Accueil / Les emballages à la cire végétale sont-ils vraiment une alternative écologique ?

Certains me demandent parfois pourquoi les emballages alimentaires réutilisables d’Embal’VERT ne sont pas exclusivement fabriqués à base de cire végétales. Selon certains vegans, il existe forcément une alternative “plus responsable” à la cire d'abeille. Si cette noble idée est louable, il est important d’examiner de plus près ces autres alternatives, à première vue, éco-responsables.
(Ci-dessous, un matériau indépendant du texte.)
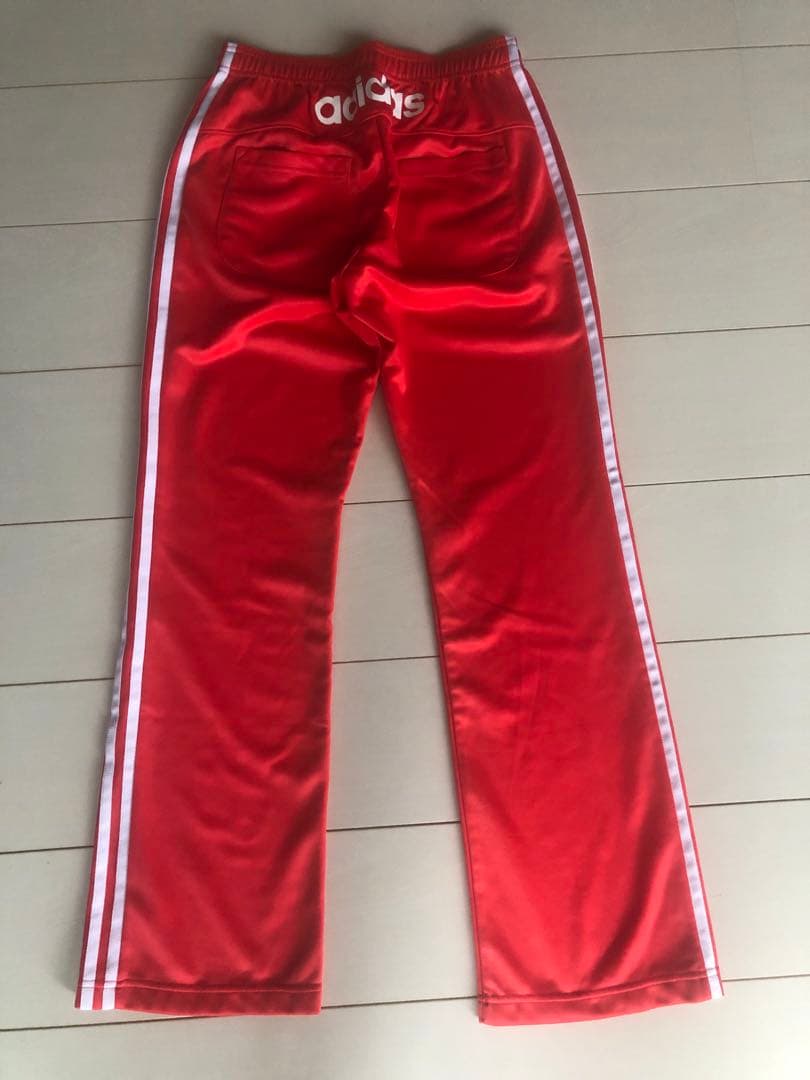 adidas ジャージ上下セット オレンジ　白　Mジャケット　Sパンツ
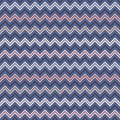 Chevron stripes background. Seamless pattern with classic geometric ornament. Zigzag horizontal lines wallpaper. Royalty Free Stock Photo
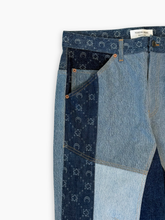 Jeans Patchwork In Denim Multicolore - Blu | dBlank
En effet, la plupart des emballages vegans sont réalisés à partir d’une des cires végétales ci-dessous, voir d’un mélange de ces mêmes ingrédients :

  • la cire de candelulla,
  • la cire de carnauba,
  • la cire de colza,
  • la cire de son de riz,
  • la cire de soja,
  • la cire de sumac

Cependant, l’origine géographique, la culture ou la composition de ces mêmes cires est, finalement, loin d’être aussi “responsable” que la cire d’abeille. Étudions les faits.

Les cires végétales ne sont pas si éco-responsables 

La Cire de Candelilla

Cet ingrédient est fabriqué à partir des feuilles et des tiges de l’arbuste Candelilla qui se cultive généralement au Nord du Mexique ou au sud-ouest des Etats-Unis. L'empreinte carbone pour l’importer en France est donc considérable.
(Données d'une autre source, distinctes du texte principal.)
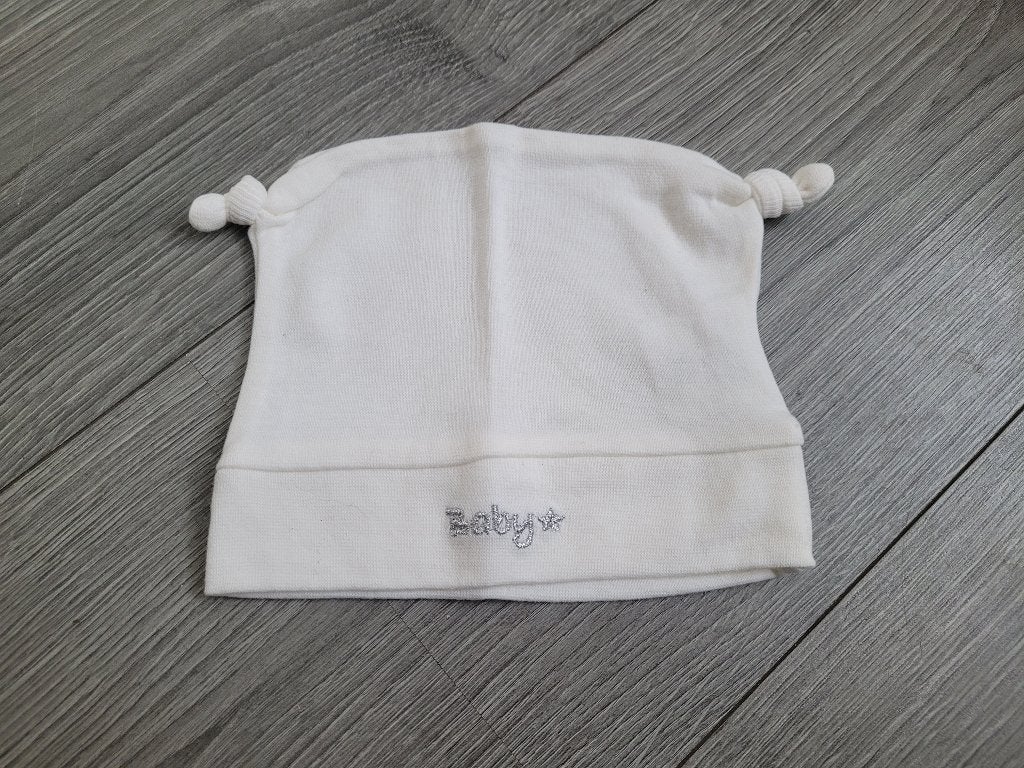 Wit baby mutsje ~ MM2703, Kinderen en Baby's, Ophalen of Verzenden, Zo goed als nieuw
Ensuite, pour obtenir la cire, il faut cuire les feuilles à l'acide sulfurique dilué. La cire flottera à la surface et devra être nettoyée de nombreuses fois avant d'être utilisée. Malgré tout, cette cire est une espèce protégée par la CITES.

Sources : 
Cites.org
FAO.org

La cire de Carnaub (copernicia)

Aussi appelé cire du Brésil, cet ingrédient provient du palmier Copernica Prunifera qui ne pousse que dans les États du nord-est de ce même pays. L'empreinte carbone pour l’importer en France est à nouveau considérable.

Pour obtenir la cire, il faut couper 50 % des feuilles de l’arbre et les laisser sécher au soleil 2 ou 3 jours. La plante essaie de se défendre du dessèchement en produisant de la cire.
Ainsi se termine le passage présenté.